これ!というベストアンサーはありませんが、その時その時のベストを尽くす必要があるでしょう。

  • 基本仕様から
  • 基本中の基本ですが、そのソフトウェアもしくはソフトウェアが搭載される製品で何を実現したいのか。その上でソフトウェアで実現することとハードウェアで実現することを切り分ける必要があります。モーターをPWM制御したいのに、タイマー出力が弱いマイコンを選んではいけません。LCDに表示する機能を持たせたいのに、LCD制御を持たないマイコンを選ばないほうが無難です。この時点では機能の洗い出しで十分でしょう。マイコンが処理するのか周辺装置で処理するのか不明確だからです。

  • 構成仕様から
  • ハードウェアで実現することのうち、マイコンが担当する部分を明確にします。スイッチはいくつ必要か、LEDはいくつ直接駆動させるのか、通信仕様は何を利用するのか…etc。これらが決まってくるとマイコンの種類が絞れてきます。少なくとも大枠のランナップは決められるでしょう。

  • 製品環境から
  • これはソフトウェアと直接関係はしませんが、製品の動作環境(駆動電圧)によっても選ぶマイコンが変わってきます。5V動作できるマイコンもあれば、1.8Vと低電圧駆動が可能なマイコンもあります。ノイズが多い環境では低電圧駆動は難しいでしょうし、低消費電力を求められる製品では5V駆動は難しいでしょう。高温や低温環境で使用できるマイコンもあれば、一般環境でしか動作しない(保障されていない)マイコンもあります。
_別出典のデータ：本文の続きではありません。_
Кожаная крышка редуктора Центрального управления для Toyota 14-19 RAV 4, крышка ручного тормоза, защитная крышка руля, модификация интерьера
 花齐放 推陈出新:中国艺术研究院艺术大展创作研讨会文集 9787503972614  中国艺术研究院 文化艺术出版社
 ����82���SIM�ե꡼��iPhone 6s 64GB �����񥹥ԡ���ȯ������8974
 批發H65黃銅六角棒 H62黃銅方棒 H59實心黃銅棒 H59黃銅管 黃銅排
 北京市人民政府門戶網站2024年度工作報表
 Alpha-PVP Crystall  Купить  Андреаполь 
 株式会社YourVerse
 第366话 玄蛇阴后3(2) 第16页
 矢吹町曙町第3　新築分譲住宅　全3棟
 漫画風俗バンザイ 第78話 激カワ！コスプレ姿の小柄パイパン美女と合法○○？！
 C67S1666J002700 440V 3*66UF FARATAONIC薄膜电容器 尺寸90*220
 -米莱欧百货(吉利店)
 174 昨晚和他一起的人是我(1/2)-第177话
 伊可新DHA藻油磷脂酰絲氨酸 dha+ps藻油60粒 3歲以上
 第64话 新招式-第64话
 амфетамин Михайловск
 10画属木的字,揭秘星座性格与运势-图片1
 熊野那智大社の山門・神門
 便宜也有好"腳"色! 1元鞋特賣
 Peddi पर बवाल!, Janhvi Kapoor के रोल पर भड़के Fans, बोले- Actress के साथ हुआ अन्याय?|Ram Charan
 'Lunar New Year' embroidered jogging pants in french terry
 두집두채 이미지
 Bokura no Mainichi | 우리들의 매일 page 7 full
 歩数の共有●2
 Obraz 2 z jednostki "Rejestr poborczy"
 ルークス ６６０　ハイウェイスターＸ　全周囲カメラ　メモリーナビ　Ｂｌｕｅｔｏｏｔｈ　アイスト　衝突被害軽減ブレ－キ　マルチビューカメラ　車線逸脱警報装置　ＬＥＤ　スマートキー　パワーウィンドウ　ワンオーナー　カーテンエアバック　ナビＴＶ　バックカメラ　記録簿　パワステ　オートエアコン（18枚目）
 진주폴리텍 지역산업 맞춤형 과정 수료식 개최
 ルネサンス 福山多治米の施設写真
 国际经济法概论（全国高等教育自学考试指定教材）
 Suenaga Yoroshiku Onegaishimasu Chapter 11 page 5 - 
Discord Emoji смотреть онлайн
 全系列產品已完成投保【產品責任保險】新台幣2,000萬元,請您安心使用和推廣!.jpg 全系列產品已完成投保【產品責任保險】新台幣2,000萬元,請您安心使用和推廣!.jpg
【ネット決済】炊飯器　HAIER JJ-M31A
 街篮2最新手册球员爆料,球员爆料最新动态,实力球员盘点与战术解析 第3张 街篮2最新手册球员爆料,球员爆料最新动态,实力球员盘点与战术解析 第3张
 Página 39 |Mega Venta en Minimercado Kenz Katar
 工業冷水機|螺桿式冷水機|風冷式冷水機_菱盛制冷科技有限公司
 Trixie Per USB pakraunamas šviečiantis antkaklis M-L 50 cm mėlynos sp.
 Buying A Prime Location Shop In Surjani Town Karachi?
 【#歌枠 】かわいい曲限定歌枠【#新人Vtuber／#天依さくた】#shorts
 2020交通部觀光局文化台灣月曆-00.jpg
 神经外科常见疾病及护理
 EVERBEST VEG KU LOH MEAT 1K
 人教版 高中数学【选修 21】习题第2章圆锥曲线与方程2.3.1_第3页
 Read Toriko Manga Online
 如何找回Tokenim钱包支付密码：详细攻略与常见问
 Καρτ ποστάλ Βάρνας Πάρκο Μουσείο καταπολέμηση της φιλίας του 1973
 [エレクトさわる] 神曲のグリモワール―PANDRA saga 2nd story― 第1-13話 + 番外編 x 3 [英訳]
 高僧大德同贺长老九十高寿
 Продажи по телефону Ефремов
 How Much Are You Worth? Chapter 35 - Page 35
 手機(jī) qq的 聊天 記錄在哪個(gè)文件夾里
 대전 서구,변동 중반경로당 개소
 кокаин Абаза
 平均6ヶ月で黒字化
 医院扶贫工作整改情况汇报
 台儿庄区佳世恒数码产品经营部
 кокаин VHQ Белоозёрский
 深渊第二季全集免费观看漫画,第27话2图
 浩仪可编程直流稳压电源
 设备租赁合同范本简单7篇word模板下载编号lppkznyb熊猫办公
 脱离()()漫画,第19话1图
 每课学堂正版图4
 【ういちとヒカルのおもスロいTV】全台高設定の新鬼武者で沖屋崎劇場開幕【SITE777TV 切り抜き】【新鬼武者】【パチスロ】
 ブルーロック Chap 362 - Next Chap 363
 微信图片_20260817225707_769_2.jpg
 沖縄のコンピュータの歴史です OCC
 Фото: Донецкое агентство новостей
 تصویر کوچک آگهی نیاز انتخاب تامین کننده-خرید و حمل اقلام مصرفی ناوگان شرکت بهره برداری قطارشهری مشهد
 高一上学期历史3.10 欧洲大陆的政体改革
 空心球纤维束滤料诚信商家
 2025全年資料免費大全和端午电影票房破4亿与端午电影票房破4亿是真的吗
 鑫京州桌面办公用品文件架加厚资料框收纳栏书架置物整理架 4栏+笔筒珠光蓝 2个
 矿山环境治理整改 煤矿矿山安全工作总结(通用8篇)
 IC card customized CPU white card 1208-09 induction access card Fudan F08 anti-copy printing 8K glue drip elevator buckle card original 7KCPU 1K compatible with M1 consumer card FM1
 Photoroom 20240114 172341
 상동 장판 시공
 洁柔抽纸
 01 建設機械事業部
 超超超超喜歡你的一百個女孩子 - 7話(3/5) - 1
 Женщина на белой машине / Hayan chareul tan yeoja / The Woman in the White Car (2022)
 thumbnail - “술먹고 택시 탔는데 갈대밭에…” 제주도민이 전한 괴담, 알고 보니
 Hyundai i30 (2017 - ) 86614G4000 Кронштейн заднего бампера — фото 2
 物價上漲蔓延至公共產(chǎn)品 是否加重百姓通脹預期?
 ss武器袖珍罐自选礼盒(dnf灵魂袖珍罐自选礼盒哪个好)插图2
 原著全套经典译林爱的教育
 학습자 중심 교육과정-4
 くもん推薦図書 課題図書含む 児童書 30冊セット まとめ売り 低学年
完成した製品がどんな環境で使用されるのかも選ぶ際に知っておく必要があります。

  • ライフサイクルから
  • ラインナップが絞れてきたらどのシリーズがいつ販売開始になったのかをざっくり調べましょう。代理店をご存じであれば聞いてみるのがbetterです。聞く時は「このマイコンはディスコン対象になりますか?」「このマイコンはどのくらい製品期間ありますか?」等々ストレートに聞いてしまいましょう。折角選んだマイコンが販売終了対象になってしまってはソフトウェア資産が藻屑と消えてしまうリスクを抱えることになります(置き換えることを前提に作り方を工夫しておけば、もしもの時も安心です)。

  • ソフトウェアの規模から
  • ここが一番難しいところでしょうか。この分野だけで沢山の研究が行われていますし、沢山の書籍が販売されています。難しいですけど先人たちが築いた手法をもって開発規模を見積もる必要があります。「ソフトウェア 見積もり」で検索すると関連項目がでてきますので、触りくらいは知っておいた方がいいでしょう。私自信は小規模の開発が多かったため、機能数、画面数、スイッチ数、OSの有無、この辺りから類推します。正直、経験によるところが大きいです。

自社でやるには

ソフトウェア開発の新人が単独でマイコンを選定するには苦労が伴うでしょう。Try&Errorも一つのやり方ですし、その経験があった方が大きく伸びることもあります。しかし、中小企業、個人事業ではそんなリスク(工数や選定ミスによる再購入など)は背負えないのが現実ではないでしょうか。そんな時はソフトウェア開発を専門とする企業に製作を依頼するもよしですが、いわゆる丸投げではknow-howが残りません。開発を根付かせるには、支援という立場で一緒に開発&サポートをしてくれる企業を探すのが最良かと思います。